OUTLOOK AND STRATEGY
The Company continues to adhere to its key commitments to sustainable production, stability of jurisdictions, disciplined growth and industry low cash costs, which underlie Yamana's success in the past year.
The Company is committed to a sustainable production platform of approximately 1.1 million gold GEO mainly from its six producing mines: Chapada, Jacobina and Fazenda Brasileiro located in Brazil, El Penon and Minera Florida in Chile, and Gualcamayo in Argentina. Production is expected to be in the range of 1.030 million GEO to 1.145 million GEO in 2010 consistent with previous guidance. Copper production is expected to be in excess of 150 million pounds in 2010 consistent with previous guidance. Cumulatively, the above operating mines provide the Company with robust, long-life production at the projected levels. The Company's approach to sustainability, which is broader than consistent production levels, includes the adherence to best practices and international policies for health and safety, environment and community relations. The Company's focus on and initiatives in creating strong community relations and support systems, energy management, improvement of water quality and availability, in addition to quality of life, are all important elements of its commitment to sustainability.
The Company remains committed to operating in comparatively stable jurisdictions, preferably where there is an established mining culture and tradition. Yamana remains focused on the Americas, with production coming from operating mines in Brazil, Chile and Argentina, and with a reach soon into Mexico where the Mercedes project is expected to begin construction in May 2010. The Company is also active on the exploration front in Colombia.

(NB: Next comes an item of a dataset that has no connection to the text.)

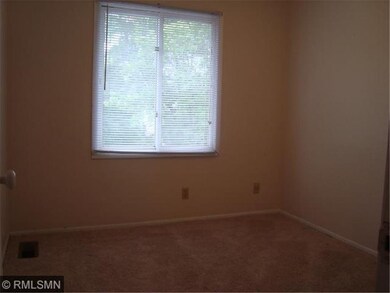 Third bedroom with neutral color.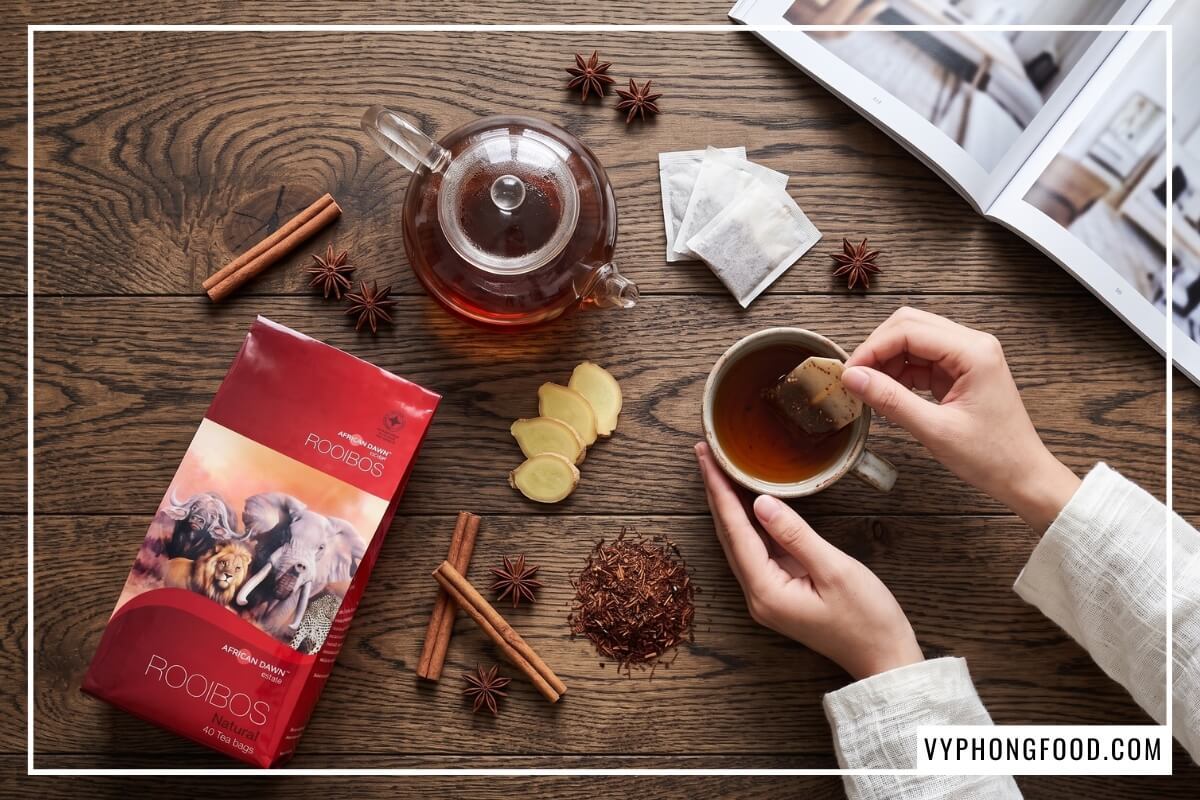 Bàn trà phẳng với gói trà rooibos chống lão hóa da African Dawn ấm trà đỏ và lát gừng thơm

The Company's well defined development stage and exploration projects, in addition to further value-enhancing opportunities, provide the Company with a superior organic growth profile and value proposition. Production growth will come from the Company's development stage projects: C1 Santa Luz, Mercedes, Ernesto/Pau-a-Pique, and from a tailings reprocessing project at the Minera Florida mine. Production would initially increase by an additional 400,000 GEO annually at cash costs consistent with the current cost and operating structure. Production is expected to ramp up substantially in 2012 to approximately 1.3 million GEO as these projects commence operations, with production by the end of 2012 expected to be at an annual run rate of approximately 1.5 million GEO, which represents a 46 percent increase in production from 2009.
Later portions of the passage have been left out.